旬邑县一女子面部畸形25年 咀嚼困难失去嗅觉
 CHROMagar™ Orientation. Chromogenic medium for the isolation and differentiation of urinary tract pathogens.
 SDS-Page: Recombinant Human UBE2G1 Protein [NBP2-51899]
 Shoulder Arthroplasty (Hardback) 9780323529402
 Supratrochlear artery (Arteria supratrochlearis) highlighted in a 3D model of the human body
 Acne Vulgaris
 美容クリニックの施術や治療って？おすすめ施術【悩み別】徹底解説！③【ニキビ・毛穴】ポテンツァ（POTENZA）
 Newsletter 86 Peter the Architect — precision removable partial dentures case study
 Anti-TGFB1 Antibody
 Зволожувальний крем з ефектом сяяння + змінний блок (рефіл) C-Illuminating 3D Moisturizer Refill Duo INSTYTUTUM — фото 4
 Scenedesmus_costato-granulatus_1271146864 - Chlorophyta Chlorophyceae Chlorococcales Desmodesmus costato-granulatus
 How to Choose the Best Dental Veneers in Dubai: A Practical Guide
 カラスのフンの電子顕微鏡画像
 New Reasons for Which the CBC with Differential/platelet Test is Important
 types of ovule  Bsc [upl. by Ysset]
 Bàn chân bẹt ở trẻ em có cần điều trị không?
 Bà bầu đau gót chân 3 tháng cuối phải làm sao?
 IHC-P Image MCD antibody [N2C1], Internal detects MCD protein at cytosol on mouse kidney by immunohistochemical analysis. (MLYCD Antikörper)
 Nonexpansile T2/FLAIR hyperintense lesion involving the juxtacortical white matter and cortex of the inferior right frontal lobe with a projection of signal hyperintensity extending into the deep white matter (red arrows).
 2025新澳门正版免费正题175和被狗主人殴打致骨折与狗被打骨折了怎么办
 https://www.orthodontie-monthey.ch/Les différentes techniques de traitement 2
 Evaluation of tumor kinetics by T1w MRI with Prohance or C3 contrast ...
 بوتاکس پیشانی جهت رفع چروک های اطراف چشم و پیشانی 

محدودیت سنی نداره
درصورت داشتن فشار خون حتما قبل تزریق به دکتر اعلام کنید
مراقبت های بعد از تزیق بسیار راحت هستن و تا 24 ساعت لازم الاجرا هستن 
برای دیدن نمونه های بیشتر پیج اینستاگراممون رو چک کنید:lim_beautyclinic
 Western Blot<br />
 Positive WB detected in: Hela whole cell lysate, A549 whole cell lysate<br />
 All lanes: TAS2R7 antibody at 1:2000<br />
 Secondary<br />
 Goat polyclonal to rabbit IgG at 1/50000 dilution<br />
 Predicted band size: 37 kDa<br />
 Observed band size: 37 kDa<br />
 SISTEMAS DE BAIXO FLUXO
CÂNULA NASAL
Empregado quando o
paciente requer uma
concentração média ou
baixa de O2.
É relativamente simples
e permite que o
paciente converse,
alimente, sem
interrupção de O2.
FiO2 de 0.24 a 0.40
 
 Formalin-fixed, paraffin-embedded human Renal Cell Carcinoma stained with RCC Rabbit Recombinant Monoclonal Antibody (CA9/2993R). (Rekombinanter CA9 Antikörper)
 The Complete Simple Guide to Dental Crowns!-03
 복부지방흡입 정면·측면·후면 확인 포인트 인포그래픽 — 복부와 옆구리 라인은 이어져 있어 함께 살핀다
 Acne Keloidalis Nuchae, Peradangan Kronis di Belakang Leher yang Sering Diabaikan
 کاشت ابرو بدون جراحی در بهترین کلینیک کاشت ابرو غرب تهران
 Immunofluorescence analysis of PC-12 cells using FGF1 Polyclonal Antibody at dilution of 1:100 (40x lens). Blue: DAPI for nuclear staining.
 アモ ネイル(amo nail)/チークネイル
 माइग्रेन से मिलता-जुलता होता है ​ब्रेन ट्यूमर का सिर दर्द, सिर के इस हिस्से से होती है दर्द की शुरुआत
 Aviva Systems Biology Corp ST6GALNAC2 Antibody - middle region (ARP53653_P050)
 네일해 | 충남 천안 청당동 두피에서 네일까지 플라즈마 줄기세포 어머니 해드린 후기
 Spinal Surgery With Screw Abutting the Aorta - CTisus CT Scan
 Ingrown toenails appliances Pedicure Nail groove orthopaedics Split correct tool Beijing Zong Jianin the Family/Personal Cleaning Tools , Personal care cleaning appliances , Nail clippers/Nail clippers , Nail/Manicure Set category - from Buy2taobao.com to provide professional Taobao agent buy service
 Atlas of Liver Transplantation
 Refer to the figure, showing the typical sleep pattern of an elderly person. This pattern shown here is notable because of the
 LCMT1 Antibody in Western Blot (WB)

----------

TASK TO COMPLETE — Transcribe, exactly and without additions, the lines of the records above, beginning with the line that contains "All lanes: TAS2R7 antibody at 1:2000<br />" and ending with the line that contains "The Complete Simple", both included.

OUTPUT OF THE EXERCISE —
 All lanes: TAS2R7 antibody at 1:2000<br />
 Secondary<br />
 Goat polyclonal to rabbit IgG at 1/50000 dilution<br />
 Predicted band size: 37 kDa<br />
 Observed band size: 37 kDa<br />
 SISTEMAS DE BAIXO FLUXO
CÂNULA NASAL
Empregado quando o
paciente requer uma
concentração média ou
baixa de O2.
É relativamente simples
e permite que o
paciente converse,
alimente, sem
interrupção de O2.
FiO2 de 0.24 a 0.40
 
 Formalin-fixed, paraffin-embedded human Renal Cell Carcinoma stained with RCC Rabbit Recombinant Monoclonal Antibody (CA9/2993R). (Rekombinanter CA9 Antikörper)
 The Complete Simple Guide to Dental Crowns!-03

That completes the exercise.